Gold Holding Above $1,750

Gold Holding Above $1,750

Gold holding above $1,750 after slipping early Wednesday as the dollar and Treasury yields strengthened and investors awaited the release of key jobs data for September.

The first of this week’s jobs reports — the ADP Private Payroll data — made little impact on the yellow metal when released this morning. Private jobs rose by 568,000 in September, beating the Dow Jones estimate of 425,000. Companies with 500 and more employees led by creating 390,000 jobs.

Investors now turn their eyes to the monthly nonfarm payrolls report due out Friday by the Labor Department. These numbers are expected to shed more light on the timetable for tapering of stimulus measures by the Federal Reserve.

December gold futures slid 0.4% Tuesday to settle at $1,760.90 an ounce on Comex. The front-month contract increased 0.1% in the first two days of the week. Gold retreated 3.4% in September after gaining just 90 cents in August. It dropped $14.60 in the third quarter. The yellow metal is down 7.1% so far in 2021. Currently, the December contract is down $2.40 (-0.14%) an ounce to $1,758.50 and the DG spot price is $1,758.10.

In addition to the monthly jobs report from the Labor Department on Friday, investors will be closely watching Thursday’s release of the weekly initial jobless claims for last week.

Rising inflation has put pressure on the Fed to taper its stimulus measures and raise low interest rates. Gold, the dollar and Treasurys are all traditional hedges against inflation, but much of that trade has gone into the other assets this year.
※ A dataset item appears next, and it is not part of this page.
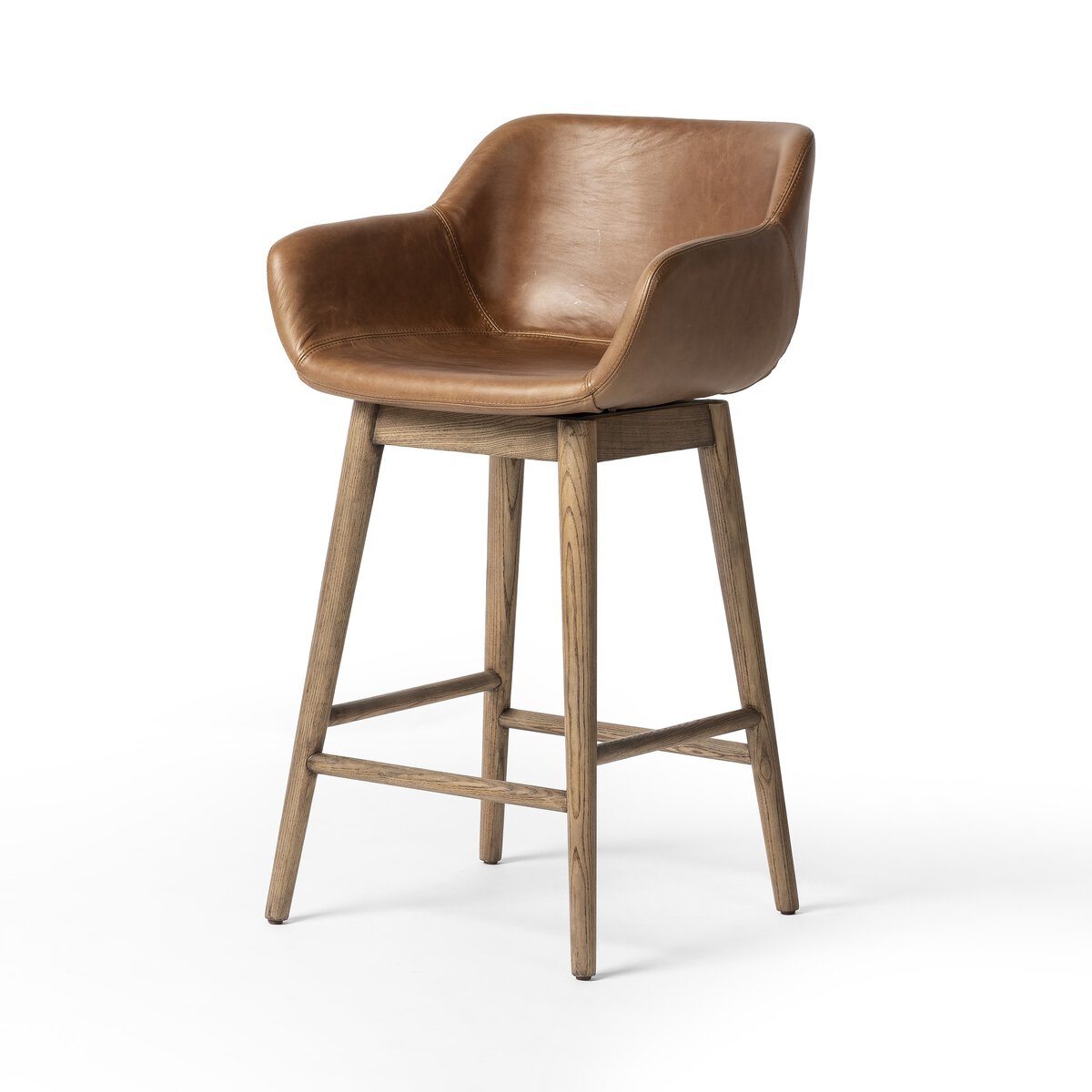 Hannah Swivel Bar + Counter Stool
The dollar is trading near its highest levels for the year, making gold less attractive as an alternate investment.

Chicago Fed President Charles Evans told CNBC Thursday that inflation near a 30-year high is likely to be temporary and that once it fades, it’s likely to hold below the central bank’s 2% target. He said inflation was caused by supply-chain bottlenecks and other issues.

December silver futures decreased 0.2% Tuesday to settle at $22.61 an ounce on Comex. The front-month contract gained 0.3% in the first two days of the week. Silver retreated 8.2% in September, its fourth consecutive monthly decline, and plummeted 16% in the third quarter. The metal is down 14% so far this year. Silver prices are tied to industrial demand. The December silver contract is currently down $0.183 (-0.81%) an ounce to $22.425 and the DG spot price is $22.54.

Spot platinum rose 10 cents Tuesday to $972.00 an ounce, but it has retreated 1.2% so far this week. The metal lost 5.3% last month and 10% last quarter. It’s down 9.5% so far this year. Currently, the DG spot price is up $15.40 an ounce to $987.20.

Spot palladium increased 0.7% Tuesday to $1,924.50 an ounce, though it dropped 0.8% in the first two days of this week. It lost 23% in September, 31% in the third quarter and is down 21% so far in 2021. The DG spot price is dropped this morning, currently down $33.90 an ounce to $1,898.50.


Disclaimer: This editorial has been prepared by Dillon Gage Metals for information and thought-provoking purposes only and does not purport to predict or forecast actual results. This editorial opinion is not to be construed as investment advice or as a recommendation regarding any particular security, commodity or course of action. Opinions expressed herein cannot be attributable to Dillon Gage. Reasonable people may disagree about the events discussed or opinions expressed herein. In the event any of the assumptions used herein do not come to fruition, results are likely to vary substantially. It is not a solicitation or advice to make any exchange in commodities, securities or other financial instruments. No part of this editorial may be reproduced in any manner, in whole or in part, without the prior written permission of Dillon Gage Metals. Dillon Gage Metals shall not have any liability for any damages of any kind whatsoever relating to this editorial. You should consult your advisers with respect to these areas. By posting this editorial, you acknowledge, understand and accept this disclaimer.